Deborah Barocas set to publish second edition of cookbook

Drawing on her food memories of 30 years ago and some new ones as well, Deborah Barocas self-published a cookbook, Guyana’s Tasty Exotic Foods of Six Peoples, almost two years ago and she’s currently working on the second edition, which will be published by a publishing house in New York, USA where she’s based and is due for release in September.

Deborah, the first girl and second born in a family of seven siblings, says she has been cooking for over 30 years. In addition, she was raised among an extended family from different ethnic backgrounds, “which further exposed and enhanced my love of various foods and the preparations of them”.

Deborah, who left Guyana while in her teens, told The Scene in an online interview that while living in New York has its perks, “my beautiful Guyana is where my heart lives, aligned with vivid memories of cooking in kitchens of old; its rhythms, rich culture and history…

“I miss those old days of making Metem and Cassava Pone, Pine tarts and Patties, of going to the baker shop on Barr Street to bake a pan of homemade bread in that wood burning oven… I paid 25 cents to do so. I miss ‘The Nook’, a pastry shop that was a fixture at the corner of Camp and D’Urban streets, and Channa Man.  I miss Flutie, Ice block, Mauby, Dhal Puri with mango sour, and all those exotic fruits. I miss the dialect… I miss it all. And at the risk of sounding like [the late] Godfrey Chin, it was my nostalgia and great love of Guyana and her people” that inspired the cookbook.

As a child in Guyana, Deborah attended St Angela’s, Dolphin Government School, and the then Muslim Educational Trust College in Brickdam, now Brickdam Secondary.

She remembers and was inspired by home economics classes at Dolphin Government School. She recalled lessons in making Scones, Shepherd’s Pie, Cottage Pie, Cook-up Rice and other dishes. But her mother was an even greater inspiration.

“My mom, who was a fabulously frugal cook, could take just a few ingredients and create something super delicious in minutes,” she says. “She and her sisters traditionally made Black Pudding on Saturday afternoons in my grandmother’s kitchen. And by age 12, I, too, was making it in our cozy kitchen in Middle Road, La Penitence.

“Even as young as 7, I went to Kitty Market with my mom, and intently listened as she explained to the Indian-spices vendor the types and amounts of various spices she wanted him to mix for her masala.

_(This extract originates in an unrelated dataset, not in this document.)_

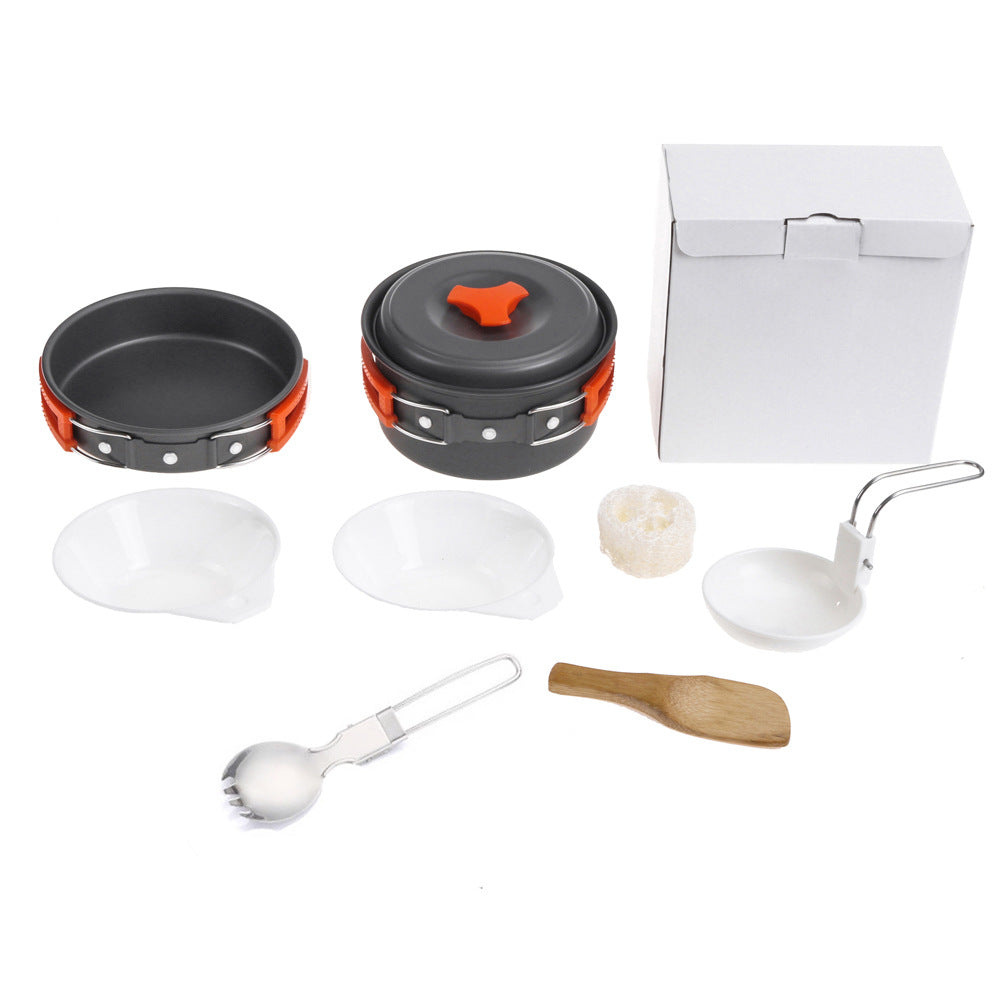 Outdoor Camping Cookware Set for 1–2 People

“I enjoyed picking out a fowl and taking it home for our Sunday chicken curry meal, which always came with sides of rice and chowmein. The taste derived from the freshly slaughtered chicken was superb by itself, but searing off the fine feathers on an open fire before cutting it up into pieces in preparation for our traditional Sunday meal made for even more outrageous flavours.

“After we moved to La Penitence, I volunteered to go marketing with mom every Saturday, because I found the market bantering, bargaining, and produce selecting exciting and right up my alley. I remember a man who sold uncooked fire roasted wild hog at the head of Punt Trench Dam aka Independence Blvd. We’d buy a sizeable piece, fresh bora, cabbage, and other ingredients, and I would make a real cook-shop style tasting chowmein that earned my culinary stripes amongst my siblings.”

Deborah says the recipes in her cookbook are mostly hers and she recalls meeting a Guyanese woman named Chan at a wake in New York, who had taken her homemade cassava pone there, “which I thought tasted better than mine, so I asked her permission for that recipe.” The cookbook spares no secrets, she says. “I researched and tested the recipes. Additionally, I created some new recipes with ingredients one can find in Guyana and almost anywhere.”

She hopes that fellow Guyanese and everyone else who enjoys cooking “would be able to acquire a Guyanese cookbook archived with our delectable recipes in bookstores here in the states and anywhere else for that matter. I wanted everyone to know of Guyana, its foods, culture and traditions. Moreover, I wanted to proudly place Guyana on the culinary food map of the world.”

Guyana’s Tasty Exotic Foods of Six Peoples was nominated for an award from Gourmand International Awards, which recognizes foreign cookbooks and validates their efforts with an award. The award ceremony was in Paris, but Deborah chose to visit Guyana instead and during that visit, she met Prime Minister Sam Hinds’ wife, Mrs Yvonne Hinds, and presented her with a copy of the first edition of her book.

Deborah also has a food blog  http://www.guyanastastyexotic. blogspot.com/.

Deborah, who has two sons and resides in Manhattan, is also involved in philanthropic activities and she is currently exploring manufacturing opportunities which will potentially lead to her developing and marketing of a tropical food product line, inclusive of what Guyana offers.